• [Dataset extract]
# # #

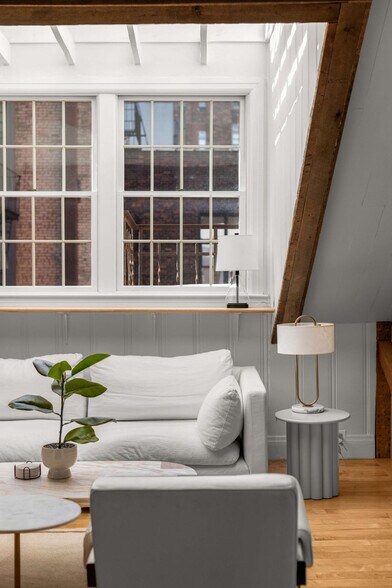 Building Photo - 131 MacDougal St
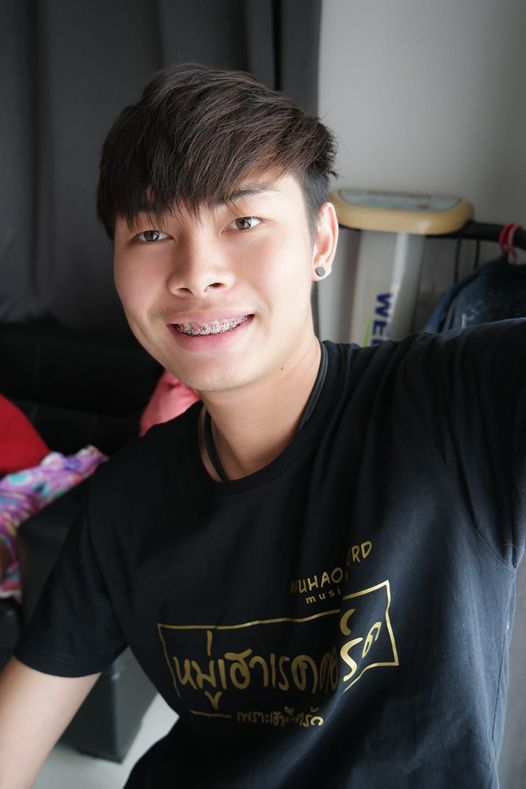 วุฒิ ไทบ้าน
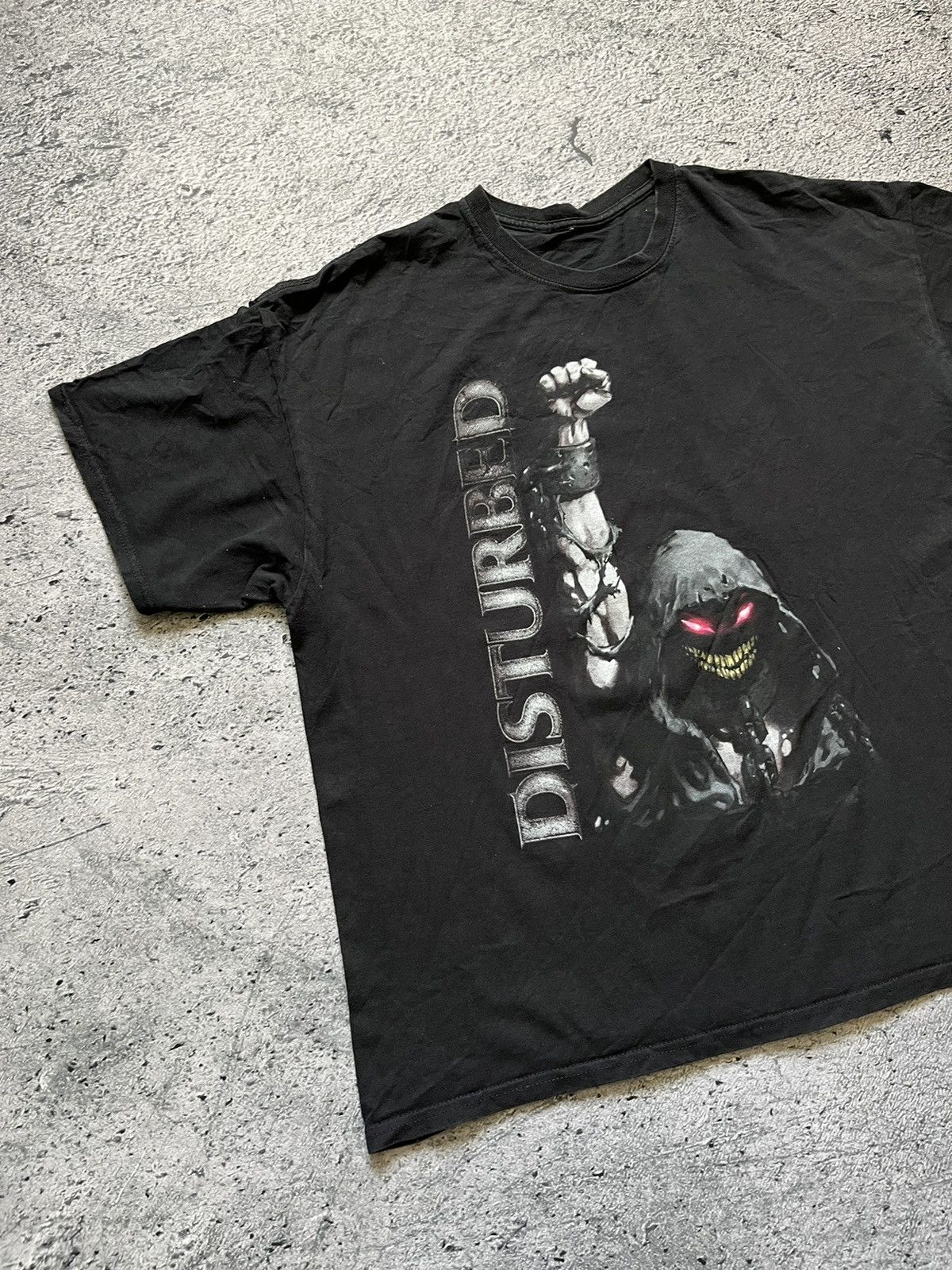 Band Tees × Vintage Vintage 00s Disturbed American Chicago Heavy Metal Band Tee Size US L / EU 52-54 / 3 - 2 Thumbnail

# # #

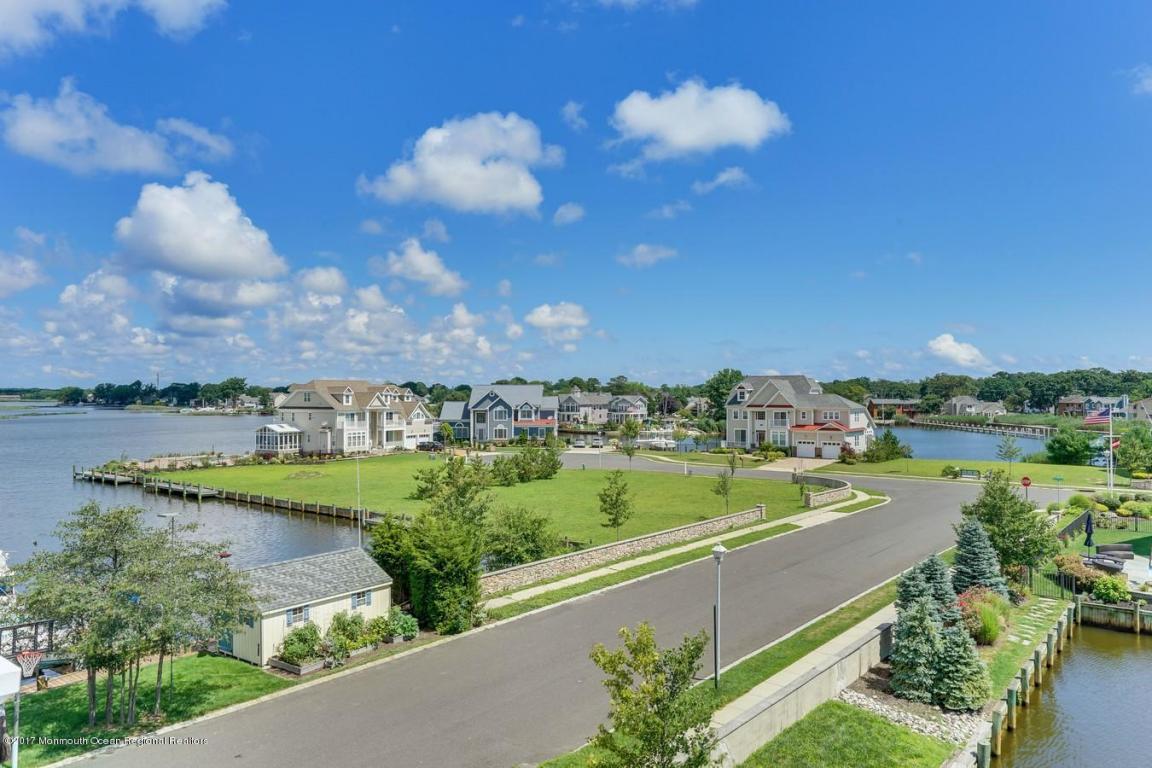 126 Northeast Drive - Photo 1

# # #

• [What the task asks] Return exactly the stretch above whose first line contains "วุฒิ ไทบ้าน" and whose last line contains "Band Tees ×", and nothing outside it. The pictures should not appear.

• [Output]
 วุฒิ ไทบ้าน
 Band Tees × Vintage Vintage 00s Disturbed American Chicago Heavy Metal Band Tee Size US L / EU 52-54 / 3 - 2 Thumbnail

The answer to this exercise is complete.